◆ TASK STATEMENT
In the data below, find the line with "Close up view" and the line with "Person wearing a", then restate both and every line between them exactly, minus the pictures.

◆ LISTED ENTRIES

---+---

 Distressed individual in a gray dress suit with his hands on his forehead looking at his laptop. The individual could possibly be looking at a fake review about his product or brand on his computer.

---+---

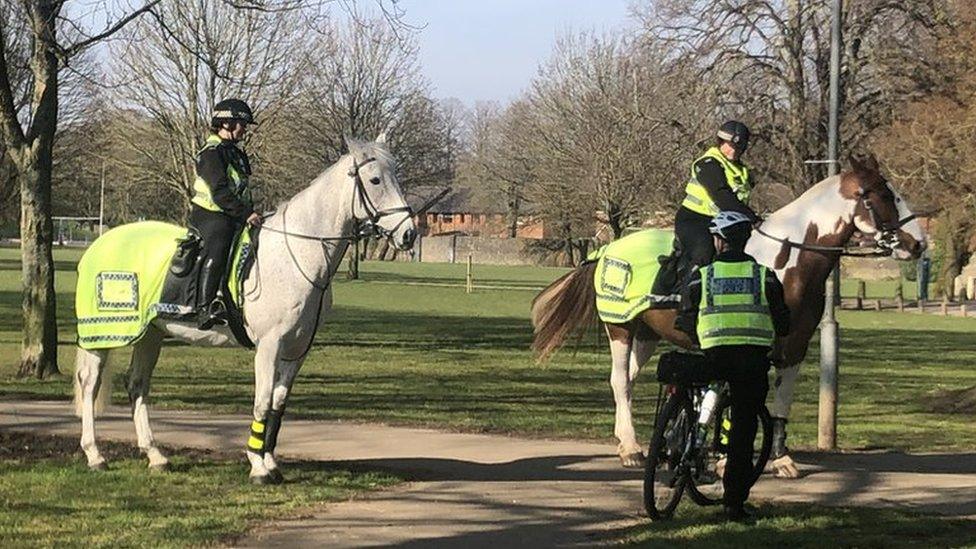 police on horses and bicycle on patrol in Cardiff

---+---

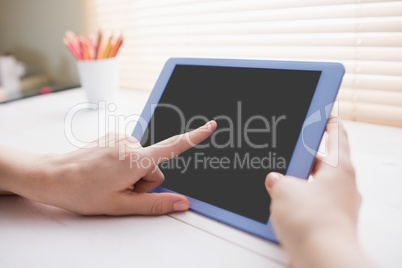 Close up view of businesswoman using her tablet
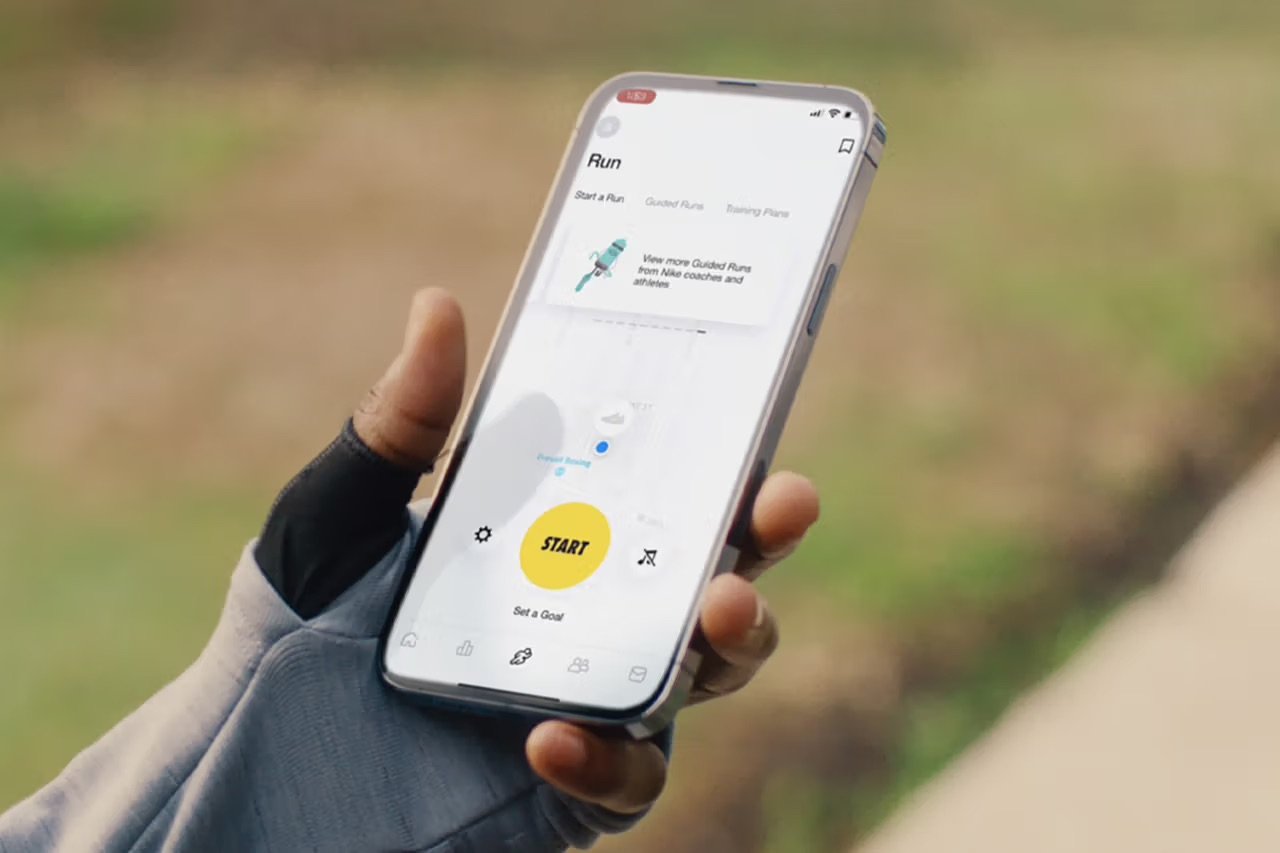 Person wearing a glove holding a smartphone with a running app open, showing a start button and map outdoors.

---+---

◆ REPLY
 Close up view of businesswoman using her tablet
 Person wearing a glove holding a smartphone with a running app open, showing a start button and map outdoors.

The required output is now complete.